Unity Software Inc. (U) Announces $1B Debt Offering
Unity Software Inc. (NYSE: U) has filed the following:
On November 8, 2022, we sold $1,000,000,000 in aggregate principal amount of our 2.0% Convertible Senior Notes due 2027 (each, a “Note” and, collectively, the “Notes”), consisting of (i) $940,000,000 in aggregate principal amount of the Notes sold to SLP VI Union Holdings, L.P., SLP VI Union Holdings II, L.P. and SLA Union Holdings, L.P. (collectively, the “Silver Lake Purchasers”) and (ii) $60,000,000 in aggregate principal amount of the Notes sold to Sequoia Capital Fund, L.P. (the “Sequoia Purchaser” and, together with the Silver Lake Purchasers and others identified in the section of this prospectus titled “Selling Securityholders”, the “Selling Securityholders”). The offer and sale of the Notes to the Selling Securityholders was effected in transactions exempt from the registration requirements of the Securities Act of 1933, as amended (the “Securities Act”). This prospectus may be used from time to time by the Selling Securityholders to offer up to $1,000,000,000 in aggregate principal amount of the Notes and the shares of our common stock, par value $0.000005 per share (“Common Stock”), issuable upon conversion of the Notes, if any, in any manner described under “Plan of Distribution” in this prospectus. The Selling Securityholders may sell the Notes or any such shares of Common Stock in one or more transactions at fixed prices, at prevailing market prices at the time of sale, at prices related to such prevailing market prices, at varying prices determined at the time of sale or at privately negotiated prices directly to purchasers or through underwriters, broker-dealers or agents, who may receive compensation in the form of discounts, concessions or commissions.
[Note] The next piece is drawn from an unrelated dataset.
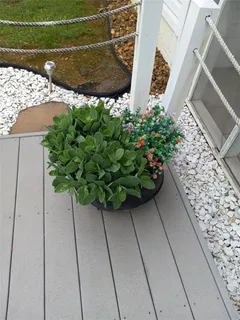 $299,900 | 113 Joshua Farms Lane, Ringgold, GA 30736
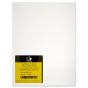 Fredrix Cut Edge Canvas Panels 25-Pack 9x12" - White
If the Selling Securityholders use underwriters, broker-dealers or agents, we will name them and describe their compensation in a supplement to this prospectus as may be required. We will receive no proceeds from any sale by the Selling Securityholders of the securities offered by this prospectus, but in some cases we have agreed to pay certain registration expenses. Please read this prospectus and any applicable prospectus supplement carefully before you invest.